Signatures of pulsars in the light curves of newly formed supernova remnants

TL;DR

This paper investigates how newly formed pulsars, especially millisecond pulsars, influence supernova remnants by affecting their light curves and high-energy emissions, providing potential observational signatures of the pulsars' presence.

Contribution

It introduces a model predicting the electromagnetic signatures of pulsars in supernova remnants, highlighting observable high-energy emissions and luminosity features that can reveal the nature of the compact remnant.

Findings

High luminosity plateau in bolometric light curves ($10^{43-44}$ erg/s) over a few years.

Potential detection of bright TeV gamma-ray emission a few years post-explosion.

Mild X-ray peaks ($10^{40-42}$ erg/s) occurring months to years after the supernova.

Abstract

We explore the effect of pulsars, in particular those born with millisecond periods, on their surrounding supernova ejectas. While they spin down, fast-spinning pulsars release their tremendous rotational energy in the form of a relativistic magnetized wind that can affect the dynamics and luminosity of the supernova.
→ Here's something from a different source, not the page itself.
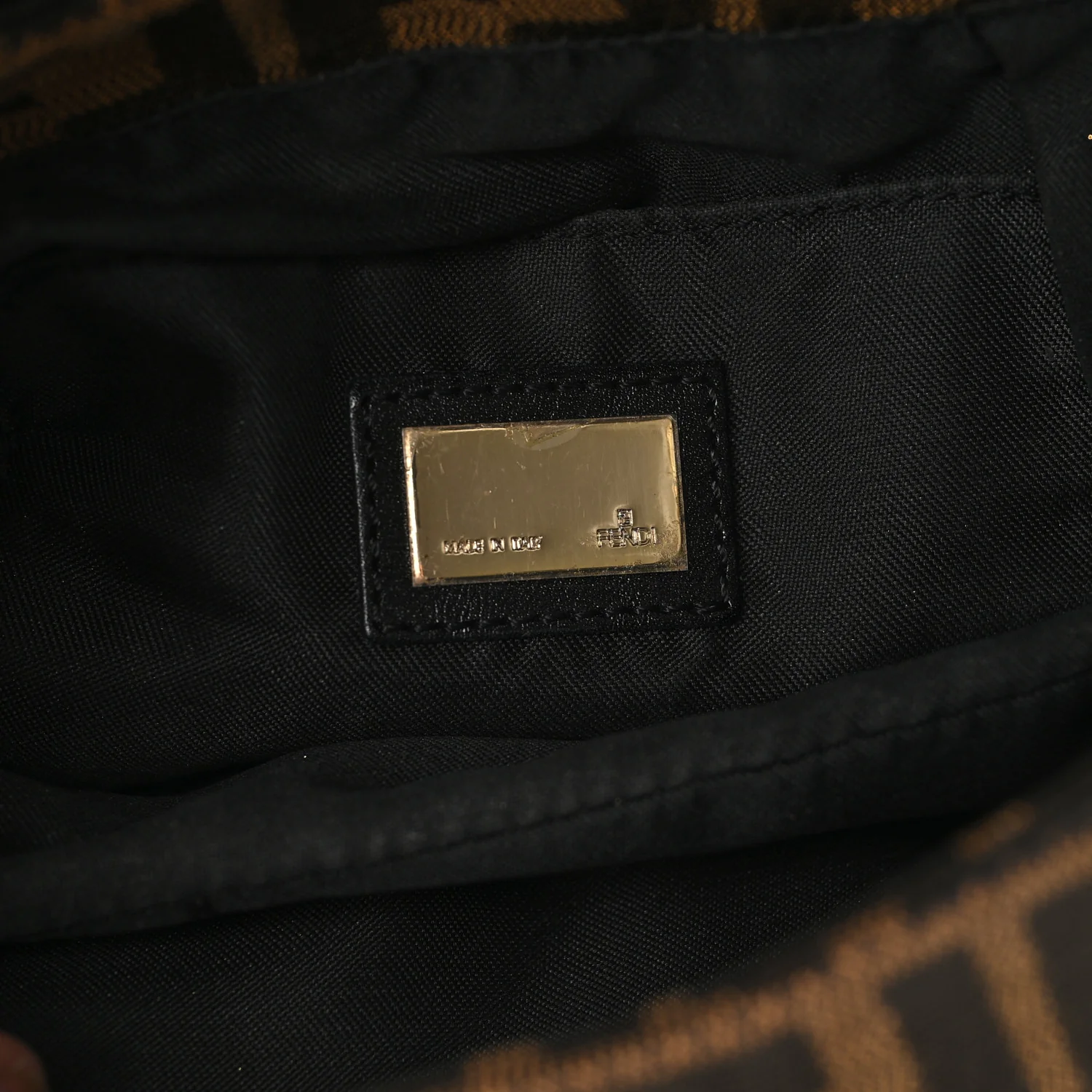 Zucca Sequin Chef Shoulder Bag Tobacco - Image 6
We estimate the thermal and non thermal radiations expected from these specific objects, concentrating at times a few years after the onset of the explosion. We find that the bolometric light curves present a high luminosity plateau (that can reach $10^{43-44}\,$erg/s) over a few years. An equally bright TeV gamma-ray emission, and a milder X-ray peak (of order $10^{40-42}\,$erg/s) could also appear a few months to a few years after the explosion, as the pulsar wind nebula emerges, depending on the injection parameters. The observations of these signatures by following the emission of a large number of supernovae could have important implications for the understanding of core-collapse supernovae and reveal the nature of the remnant compact object.